At 04:19 PM 3/5/2012, MIKE OSSIPOFF wrote:

Kevin:

You wrote:

Did they use a special term for this property?

We used to have an FBC page on Wikipedia, based on content from Russ' site I believe, but eventually this
was removed

[endquote]

Yes, that's why I don't have much use for electowiki. Something that I put up can later be modified or deleted
by anyone.

You continued:


 since the notability is unclear.

[endquote]


What is notability?

Mike Ossipoff

Okay, that is a Wikipedia arcanity. The simple meaning is that the concept or idea or subject is "notable," i.e, significant. Wikipedis settled on an idea that independent publication by a publisher with a reputation -- or profit -- at risk, was a sign of "notability." I followed those discussions, which were started by a probable sockpuppet called Yellowbeard. The guy managed to take out a whole series of voting systems articles. He was obviously as supporter of IRV, this was a single-purpose account used to attack articles on anything that might compete with IRV or make it look bad.
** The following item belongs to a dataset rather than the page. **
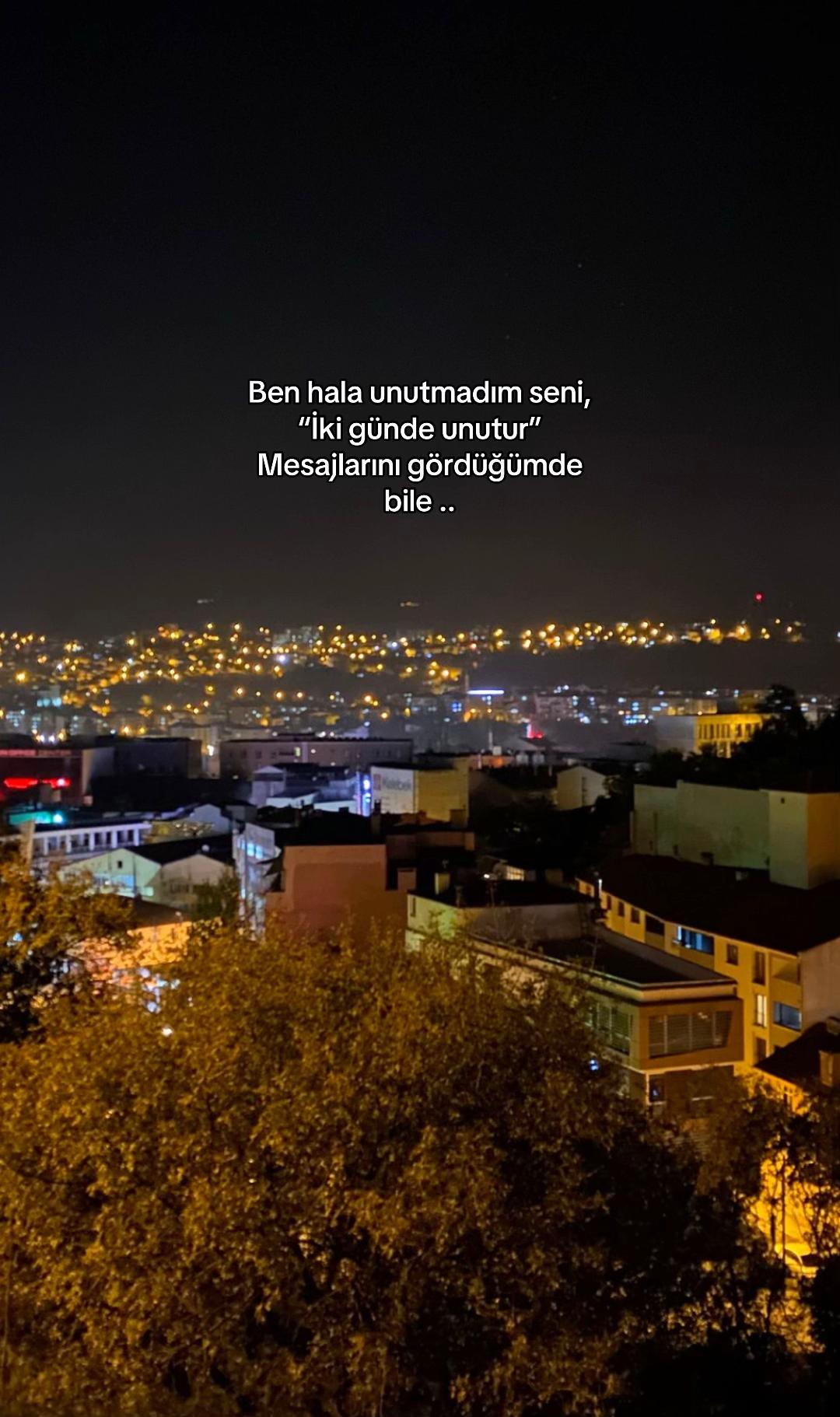 @seviyorgibiydin24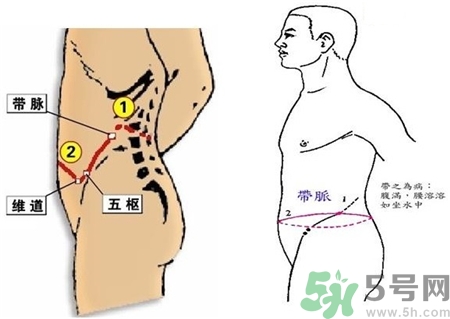 帶脈不通對(duì)人體造成的影響 帶脈不通的身體表現(xiàn)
In the discussion of FBC, you were mentioned. I think that the fact that there was no source considered "reliable" covering FBC was the critical factor. Yellowbeard was successful with other articles where there was much more in reliable source. He was eventually blocked when he went a bit to far attacking me.

He had, first edits, nominated a method proposed by Clay Shentrup, which was really a joke article Clay had written, about an invention of his own, mispelling his own name. Look for Contributions for Yellowbeard, it will be one of the first. But this is one of the facts that showed me what he was up to. He also went after the Center for Range Voting, Warren Smith, etc. Once he was identified and his nominations for deletion were being seen and there was response, he became much less effective. But sometimes there was no helping it. As I recall, there simply wasn't enough reliable source on FBC.
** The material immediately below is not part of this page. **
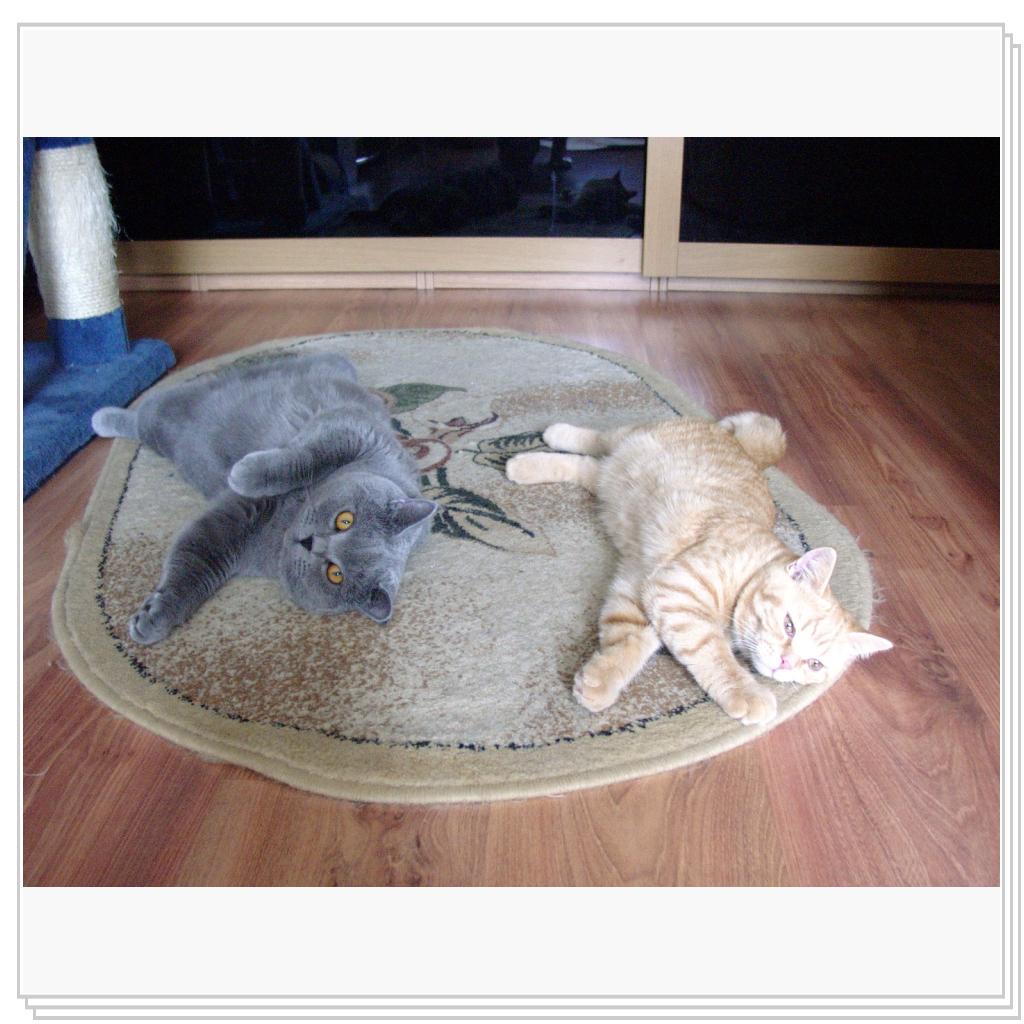 Хорошо вместе! (together)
Remember, this has nothing to do with truth. It does have to do with notability and verifiability, and Wikipedia verification doesn't meant that if you do the math, you can verify it. It means that it's been noticed and covered in reliable source, doing Original Research or Synthesis is prohibited.
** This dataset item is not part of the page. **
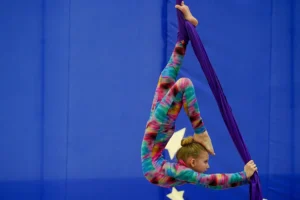 Чемпионат и первенство России по воздушной гимнастике пройдут в Москве благодаря поддержке Министерства спорта и Департамента спорта города chempionat i pervenstvo rossii po vozdushnoj gimnastike projdut v moskve blagodarya podderzhke ministerstva sporta i departamenta sporta goroda-lessontime-ru-0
In theory. If it's what the cabal wants, you can do anything you like.

Yes, Mike, wikis are quite unreliable, but if they are being maintained by a decent community, they can be decent. In a community using what's called Pure Wiki Deletion, the material is *all* there, except for truly illegal content. On Wikipedia, when they "delete" articles, they are still there and can be read by any administrator. If PWD is being used, anyone can read the history, pages would only be blanked, again, except for illegal content, such as true copyright violation or libel, something that would get the site owner in hot water.

Yes, anyone can change the active page, but you can externally link to a page in history, a permanent link to that version.